### What is being asked
Below are the entries; give again exactly the lines from the one mentioning "2020 Volkswagen Tiguan 2.0T SEL R-Line Black" through the one mentioning "John Deere 592", inclusive.
################
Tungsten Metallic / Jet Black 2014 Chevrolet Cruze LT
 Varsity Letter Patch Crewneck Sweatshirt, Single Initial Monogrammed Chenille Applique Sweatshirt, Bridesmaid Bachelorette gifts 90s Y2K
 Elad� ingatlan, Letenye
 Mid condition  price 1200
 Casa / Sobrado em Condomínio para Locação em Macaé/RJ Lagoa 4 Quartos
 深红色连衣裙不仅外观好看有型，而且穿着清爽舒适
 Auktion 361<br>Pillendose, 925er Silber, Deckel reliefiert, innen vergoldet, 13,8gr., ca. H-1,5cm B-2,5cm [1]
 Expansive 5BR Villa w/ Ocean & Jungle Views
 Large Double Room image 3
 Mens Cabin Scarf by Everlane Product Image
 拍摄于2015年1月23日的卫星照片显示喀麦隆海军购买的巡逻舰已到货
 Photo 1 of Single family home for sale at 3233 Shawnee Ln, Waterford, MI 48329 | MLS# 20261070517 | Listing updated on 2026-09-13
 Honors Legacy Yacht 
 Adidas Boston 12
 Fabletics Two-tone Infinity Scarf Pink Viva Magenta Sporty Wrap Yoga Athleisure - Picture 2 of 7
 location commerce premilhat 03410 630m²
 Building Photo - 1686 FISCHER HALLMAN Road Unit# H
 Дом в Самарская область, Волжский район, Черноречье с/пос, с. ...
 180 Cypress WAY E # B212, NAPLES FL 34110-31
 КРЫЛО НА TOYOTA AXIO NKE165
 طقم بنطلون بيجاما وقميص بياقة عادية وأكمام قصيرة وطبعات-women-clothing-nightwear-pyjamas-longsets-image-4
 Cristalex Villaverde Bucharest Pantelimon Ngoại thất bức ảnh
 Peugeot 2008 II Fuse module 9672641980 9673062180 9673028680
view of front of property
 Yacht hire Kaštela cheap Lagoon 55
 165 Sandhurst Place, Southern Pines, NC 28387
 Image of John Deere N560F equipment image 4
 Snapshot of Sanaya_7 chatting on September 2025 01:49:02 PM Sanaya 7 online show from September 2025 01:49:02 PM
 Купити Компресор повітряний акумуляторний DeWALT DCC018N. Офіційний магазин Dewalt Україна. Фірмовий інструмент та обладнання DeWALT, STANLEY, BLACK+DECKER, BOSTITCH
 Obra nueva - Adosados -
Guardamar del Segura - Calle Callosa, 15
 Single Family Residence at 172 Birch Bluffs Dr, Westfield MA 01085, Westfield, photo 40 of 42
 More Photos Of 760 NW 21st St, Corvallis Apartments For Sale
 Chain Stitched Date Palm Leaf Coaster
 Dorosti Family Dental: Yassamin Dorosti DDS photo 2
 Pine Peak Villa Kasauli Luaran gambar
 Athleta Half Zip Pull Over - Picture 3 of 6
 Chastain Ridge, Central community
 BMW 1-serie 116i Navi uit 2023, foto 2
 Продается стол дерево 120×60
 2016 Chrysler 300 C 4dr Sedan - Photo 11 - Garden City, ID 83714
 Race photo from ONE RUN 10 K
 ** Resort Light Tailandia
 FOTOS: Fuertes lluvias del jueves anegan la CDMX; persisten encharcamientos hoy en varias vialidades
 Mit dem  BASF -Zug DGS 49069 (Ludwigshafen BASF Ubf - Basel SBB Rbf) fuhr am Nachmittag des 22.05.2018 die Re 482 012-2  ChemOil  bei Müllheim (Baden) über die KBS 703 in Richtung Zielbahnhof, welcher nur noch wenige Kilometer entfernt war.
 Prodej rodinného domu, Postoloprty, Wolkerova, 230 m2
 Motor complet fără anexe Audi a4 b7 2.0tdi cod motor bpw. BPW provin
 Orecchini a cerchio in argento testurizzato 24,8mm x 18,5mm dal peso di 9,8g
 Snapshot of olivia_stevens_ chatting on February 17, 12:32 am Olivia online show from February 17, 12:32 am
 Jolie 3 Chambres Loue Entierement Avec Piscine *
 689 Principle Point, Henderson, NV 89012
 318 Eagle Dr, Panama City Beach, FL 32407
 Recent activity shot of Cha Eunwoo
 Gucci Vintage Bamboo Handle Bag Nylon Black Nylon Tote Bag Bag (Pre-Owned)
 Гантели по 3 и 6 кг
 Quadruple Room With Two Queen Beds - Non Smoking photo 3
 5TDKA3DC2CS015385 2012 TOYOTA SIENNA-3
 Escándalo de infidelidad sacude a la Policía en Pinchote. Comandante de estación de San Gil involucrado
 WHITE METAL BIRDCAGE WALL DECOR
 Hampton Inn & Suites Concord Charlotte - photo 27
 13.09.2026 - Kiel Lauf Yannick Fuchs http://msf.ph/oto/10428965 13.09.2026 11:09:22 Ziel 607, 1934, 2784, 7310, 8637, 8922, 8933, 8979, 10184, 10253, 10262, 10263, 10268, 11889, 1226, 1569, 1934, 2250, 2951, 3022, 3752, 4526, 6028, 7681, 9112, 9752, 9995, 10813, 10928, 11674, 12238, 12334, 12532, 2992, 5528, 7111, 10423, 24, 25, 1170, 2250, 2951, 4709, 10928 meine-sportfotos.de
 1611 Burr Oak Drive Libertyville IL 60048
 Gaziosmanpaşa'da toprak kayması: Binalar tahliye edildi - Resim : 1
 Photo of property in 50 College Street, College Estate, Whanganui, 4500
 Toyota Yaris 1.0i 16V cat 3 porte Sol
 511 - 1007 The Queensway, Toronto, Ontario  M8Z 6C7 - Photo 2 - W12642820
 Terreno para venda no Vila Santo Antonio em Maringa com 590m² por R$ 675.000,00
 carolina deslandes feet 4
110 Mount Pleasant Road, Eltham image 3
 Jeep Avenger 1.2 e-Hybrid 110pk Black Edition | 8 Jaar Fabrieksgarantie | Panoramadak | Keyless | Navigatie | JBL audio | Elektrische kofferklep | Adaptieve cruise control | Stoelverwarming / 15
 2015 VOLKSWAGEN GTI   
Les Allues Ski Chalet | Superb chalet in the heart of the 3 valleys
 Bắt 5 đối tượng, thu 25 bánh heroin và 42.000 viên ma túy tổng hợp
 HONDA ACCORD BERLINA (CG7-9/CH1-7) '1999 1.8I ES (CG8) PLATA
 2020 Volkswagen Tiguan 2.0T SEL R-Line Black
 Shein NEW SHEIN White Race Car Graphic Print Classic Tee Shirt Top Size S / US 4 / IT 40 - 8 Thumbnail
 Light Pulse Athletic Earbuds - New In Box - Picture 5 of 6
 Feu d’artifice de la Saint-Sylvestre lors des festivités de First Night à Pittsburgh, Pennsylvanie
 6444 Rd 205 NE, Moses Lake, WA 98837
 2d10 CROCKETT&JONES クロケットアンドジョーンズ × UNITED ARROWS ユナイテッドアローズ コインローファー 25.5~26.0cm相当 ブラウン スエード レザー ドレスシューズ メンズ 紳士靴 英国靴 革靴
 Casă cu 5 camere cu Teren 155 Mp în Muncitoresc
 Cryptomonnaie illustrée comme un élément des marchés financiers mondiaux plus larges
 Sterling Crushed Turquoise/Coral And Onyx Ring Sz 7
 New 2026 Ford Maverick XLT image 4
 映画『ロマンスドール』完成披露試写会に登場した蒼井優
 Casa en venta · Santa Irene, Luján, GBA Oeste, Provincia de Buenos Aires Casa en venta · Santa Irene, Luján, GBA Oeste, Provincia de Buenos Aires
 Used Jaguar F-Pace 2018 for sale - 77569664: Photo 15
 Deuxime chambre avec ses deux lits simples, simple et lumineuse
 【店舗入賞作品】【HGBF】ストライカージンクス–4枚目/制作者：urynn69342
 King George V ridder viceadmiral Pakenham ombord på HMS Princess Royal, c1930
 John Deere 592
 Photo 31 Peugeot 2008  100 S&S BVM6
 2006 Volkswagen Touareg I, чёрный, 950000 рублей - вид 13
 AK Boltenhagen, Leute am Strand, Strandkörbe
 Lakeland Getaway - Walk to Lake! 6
################
### Solution for this exercise
 2020 Volkswagen Tiguan 2.0T SEL R-Line Black
 Shein NEW SHEIN White Race Car Graphic Print Classic Tee Shirt Top Size S / US 4 / IT 40 - 8 Thumbnail
 Light Pulse Athletic Earbuds - New In Box - Picture 5 of 6
 Feu d’artifice de la Saint-Sylvestre lors des festivités de First Night à Pittsburgh, Pennsylvanie
 6444 Rd 205 NE, Moses Lake, WA 98837
 2d10 CROCKETT&JONES クロケットアンドジョーンズ × UNITED ARROWS ユナイテッドアローズ コインローファー 25.5~26.0cm相当 ブラウン スエード レザー ドレスシューズ メンズ 紳士靴 英国靴 革靴
 Casă cu 5 camere cu Teren 155 Mp în Muncitoresc
 Cryptomonnaie illustrée comme un élément des marchés financiers mondiaux plus larges
 Sterling Crushed Turquoise/Coral And Onyx Ring Sz 7
 New 2026 Ford Maverick XLT image 4
 映画『ロマンスドール』完成披露試写会に登場した蒼井優
 Casa en venta · Santa Irene, Luján, GBA Oeste, Provincia de Buenos Aires Casa en venta · Santa Irene, Luján, GBA Oeste, Provincia de Buenos Aires
 Used Jaguar F-Pace 2018 for sale - 77569664: Photo 15
 Deuxime chambre avec ses deux lits simples, simple et lumineuse
 【店舗入賞作品】【HGBF】ストライカージンクス–4枚目/制作者：urynn69342
 King George V ridder viceadmiral Pakenham ombord på HMS Princess Royal, c1930
 John Deere 592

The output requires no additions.